Work instruction
Please give back, exactly as written, the lines from the line with "V8 460 2023" to the line with "Монитор ASUS ProArt" in the listing below, leaving out all pictures.

Supplied records
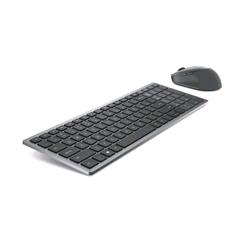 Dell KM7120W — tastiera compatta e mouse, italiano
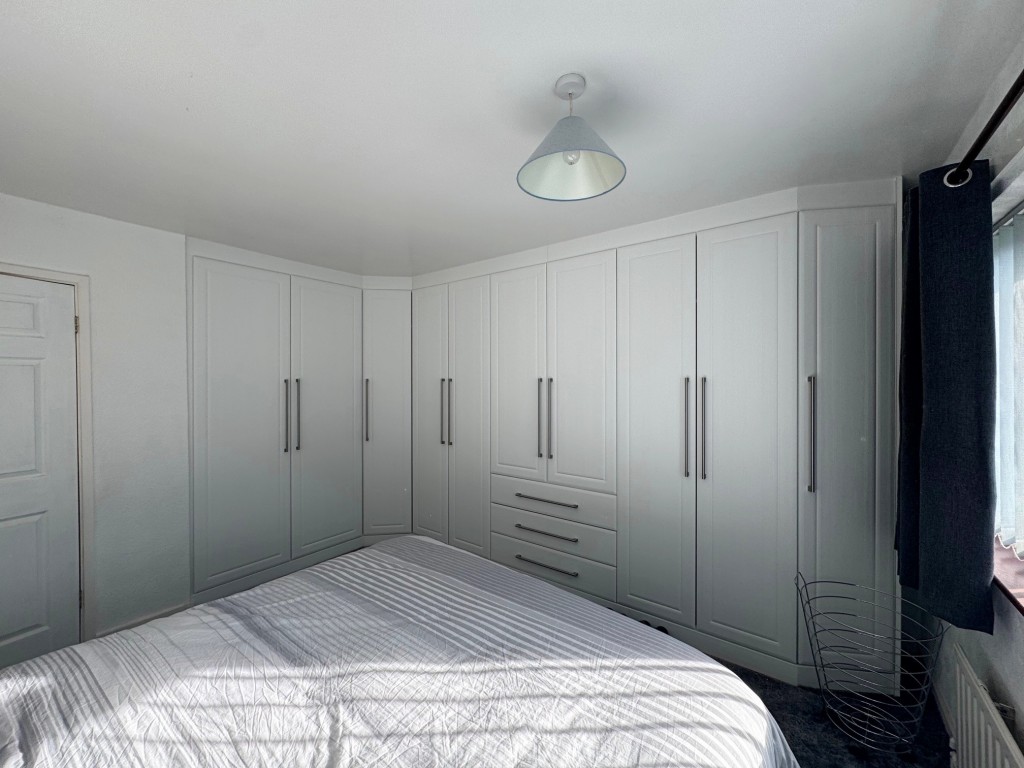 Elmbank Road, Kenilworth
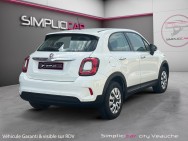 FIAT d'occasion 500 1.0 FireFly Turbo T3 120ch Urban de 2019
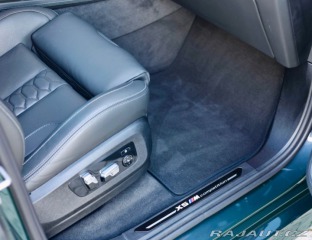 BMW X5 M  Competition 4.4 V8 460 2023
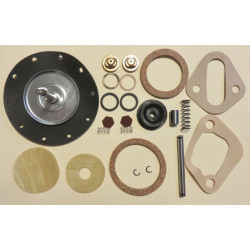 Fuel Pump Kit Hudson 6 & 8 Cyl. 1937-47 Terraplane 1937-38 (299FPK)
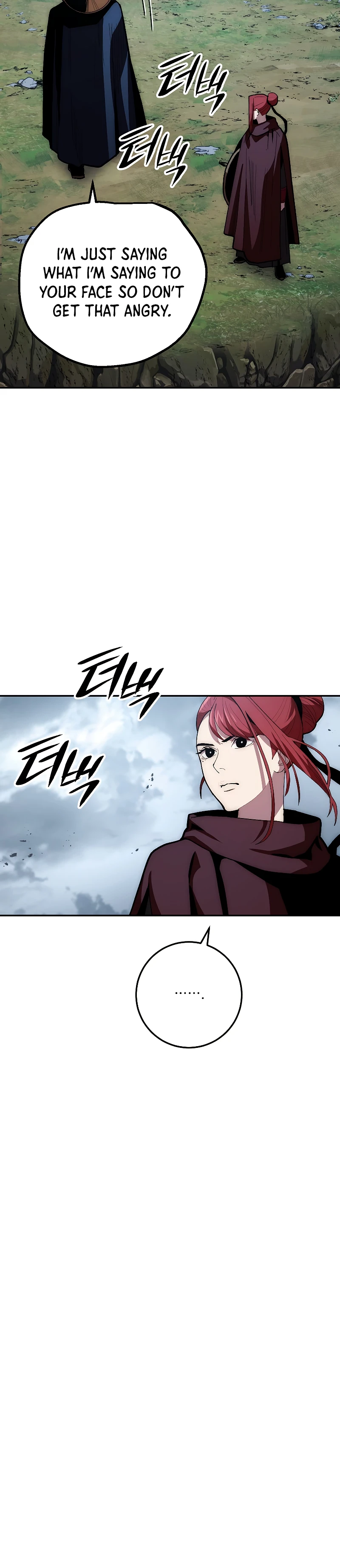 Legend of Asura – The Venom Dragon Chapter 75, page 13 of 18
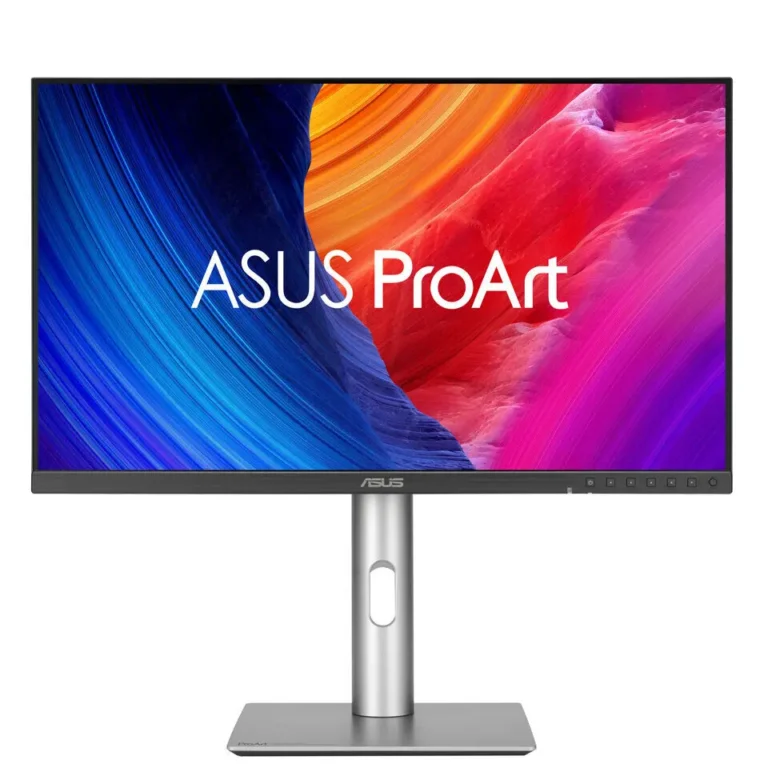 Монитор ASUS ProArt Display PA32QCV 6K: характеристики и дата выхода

---

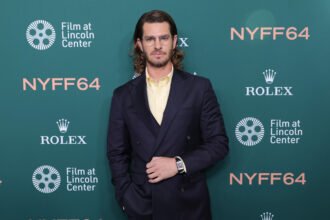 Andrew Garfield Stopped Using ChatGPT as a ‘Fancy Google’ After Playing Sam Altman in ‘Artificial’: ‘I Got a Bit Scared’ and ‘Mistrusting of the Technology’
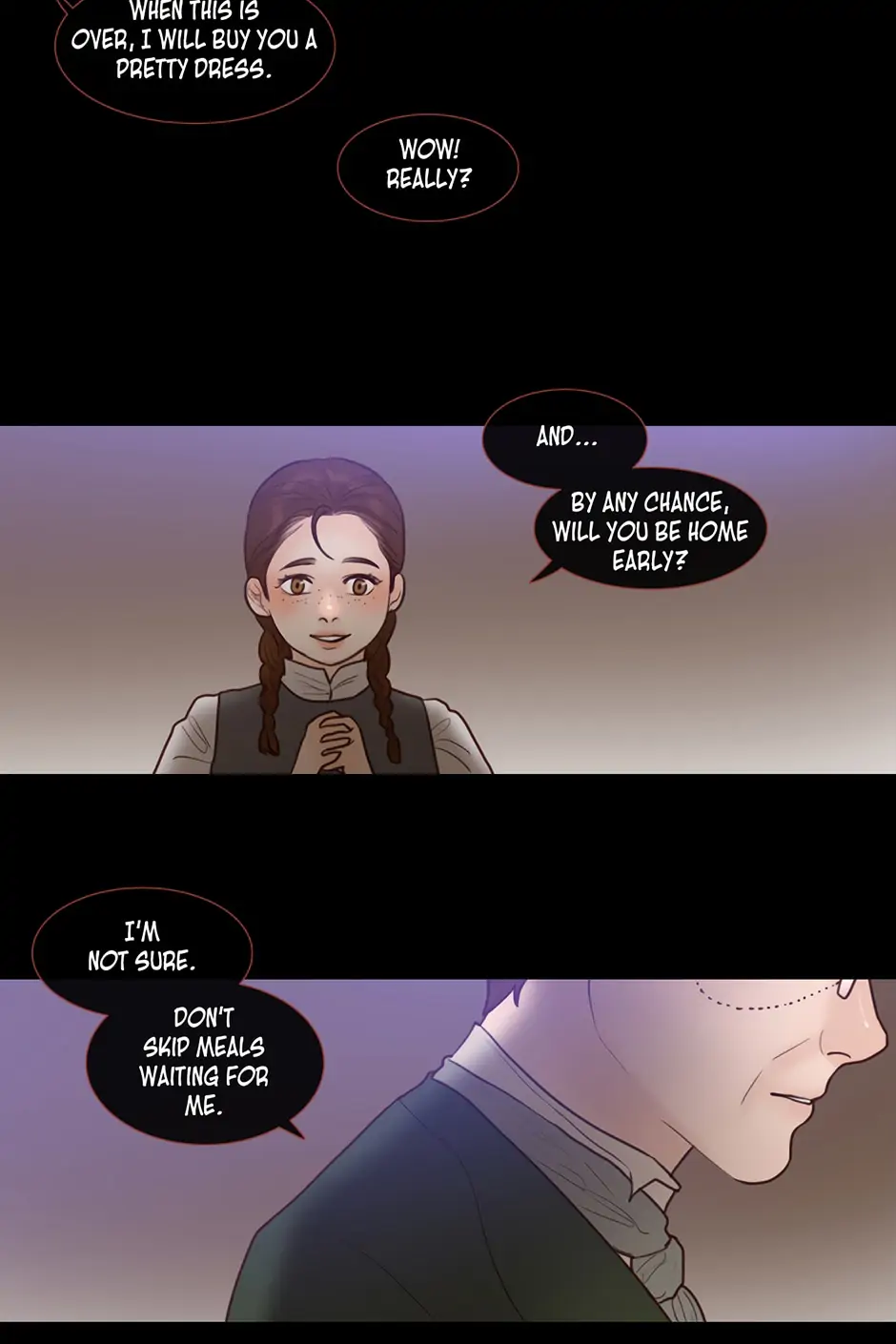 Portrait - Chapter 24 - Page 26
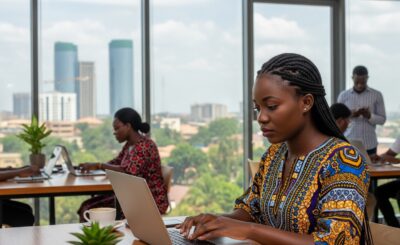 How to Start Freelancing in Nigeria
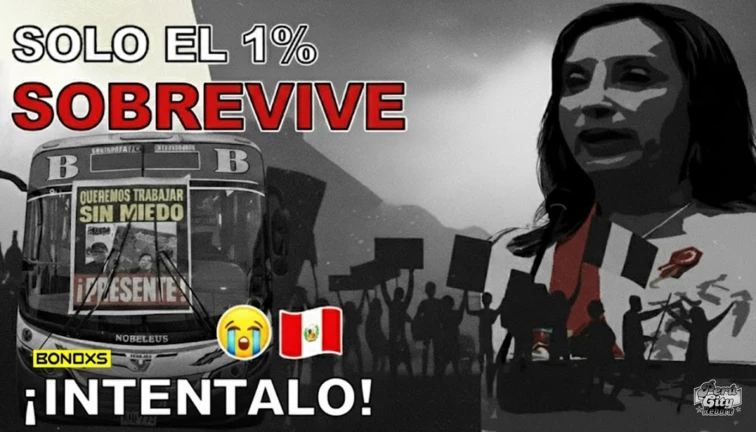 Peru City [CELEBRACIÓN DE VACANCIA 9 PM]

...

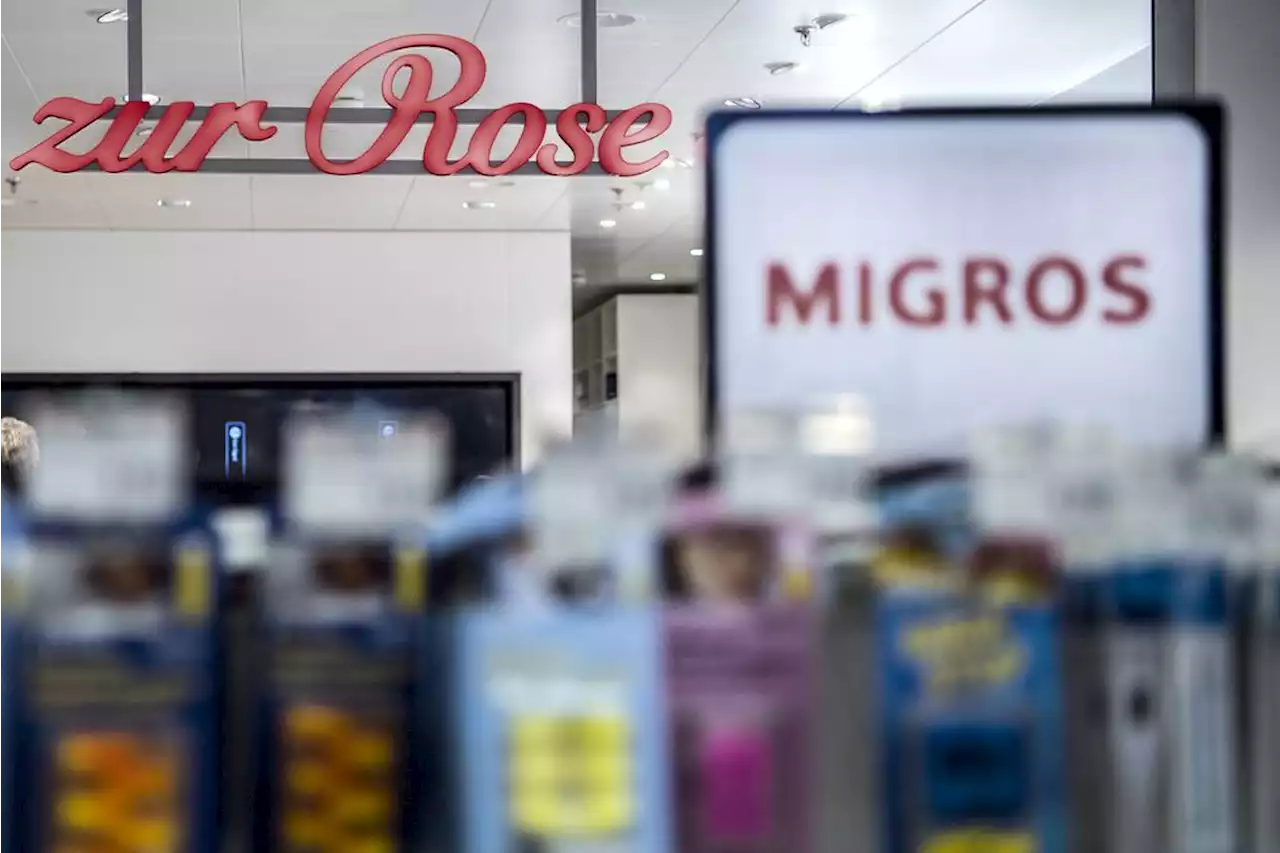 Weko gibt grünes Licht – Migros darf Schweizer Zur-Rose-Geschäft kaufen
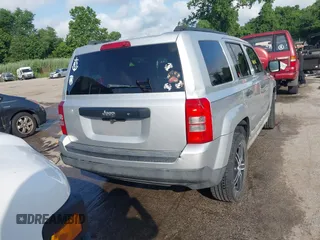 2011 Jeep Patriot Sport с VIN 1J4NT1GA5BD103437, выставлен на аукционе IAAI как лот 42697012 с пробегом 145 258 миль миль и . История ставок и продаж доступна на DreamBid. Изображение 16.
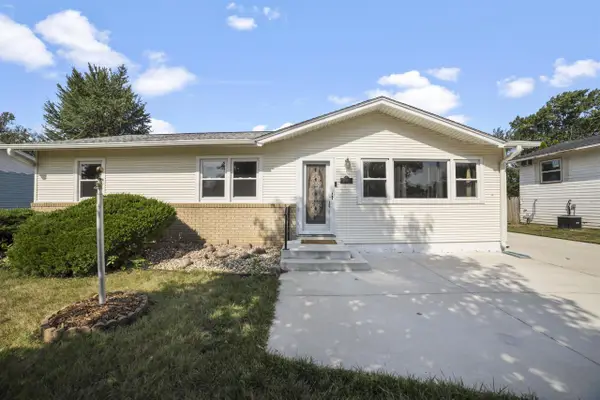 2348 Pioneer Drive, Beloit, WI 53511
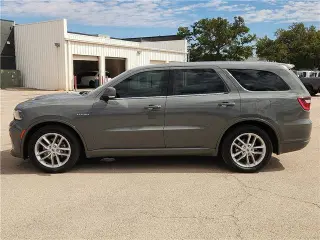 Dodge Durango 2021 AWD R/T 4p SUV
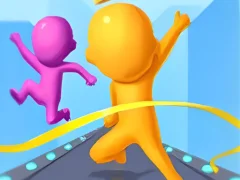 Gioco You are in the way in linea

Expected answer
 BMW X5 M  Competition 4.4 V8 460 2023
 Fuel Pump Kit Hudson 6 & 8 Cyl. 1937-47 Terraplane 1937-38 (299FPK)
 Legend of Asura – The Venom Dragon Chapter 75, page 13 of 18
 Монитор ASUS ProArt Display PA32QCV 6K: характеристики и дата выхода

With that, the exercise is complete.